Son premier long-métrage, "Le Fauteuil", brûlot politique osé et féministe, reçoit le Prix Oumarou-Ganda au Fespaco en 2009, critique avec justesse et audace les dérives du pouvoir, et impose en même temps un très beau personnage de femme. "En attendant le vote", en 2011, adapte le roman du grand écrivain ivoirien Ahmadou Kourouma, "En attendant les bêtes sauvages" ; et vont suivre aussi, en 2015, "Cellule 512" et, en 2017, "La Raison du plus fort".

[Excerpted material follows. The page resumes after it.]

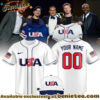 USA Baseball 2026 World Baseball Classic Jersey Limited Edition White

C'est cependant surtout à travers ses séries que Missa Hébié a pu emporter l'adhésion d'un public très élargi, ainsi qu'en atteste le succès rencontré par "Commissariat de Tampuy" (2006) ou "L'As du lycée" (2009). Il aura pris définitivement goût au format sériel - dont il affiche une belle maîtrise -, en réalisant encore "Stop corruption" en 2016 ; et son décès survenant alors qu'il était en plein tournage de "L'Ami fidèle".

Dans ses longs-métrages comme ses séries - avec plus de légèreté en général dans ces dernières -, Missa Hébié n'aura en tout cas eu de cesse de lutter contre les maux minant la société burkinabée, tels la corruption, les différences de traitement entre écoles publiques et écoles privées, les conditions de vie indignes de beaucoup d'employés astreints à des sous-métiers humiliants, etc - le tout en n'oubliant pas de raconter des histoires, et en faisant vivre des personnages forts, via un sens de l'écriture à souligner.

Aussi bien scénariste et producteur que réalisateur, il a donc bel et bien marqué de son empreinte le cinéma burkinabé ; et il est vraiment à regretter que son décès soit intervenu avant le cinquantième anniversaire du Fespaco - à l'instar de son compatriote Idrissa Ouedraogo.

ZOOM

"L'As du lycée", série tendre et réussie

Dans cette série fortement plébiscitée par le public comme par la critique et les festivals, Missa Hébié nous fait suivre les aventures d'Ismaël, fils de gardien et de la fille de la patronne de son père, Fanny.

Celle-ci va insister auprès de son père pour qu'Ismaël, élève précoce et brillant, fréquente le même établissement qu'elle, une école privée uniquement fréquentée par des enfants de ministres ou de parents privilégiés qui les font évacuer en France dès qu'ils sont malades.

Ismaël y sera confronté à de nombreuses moqueries et injustices, mais pourra compter sur le soutien de sa fidèle amie.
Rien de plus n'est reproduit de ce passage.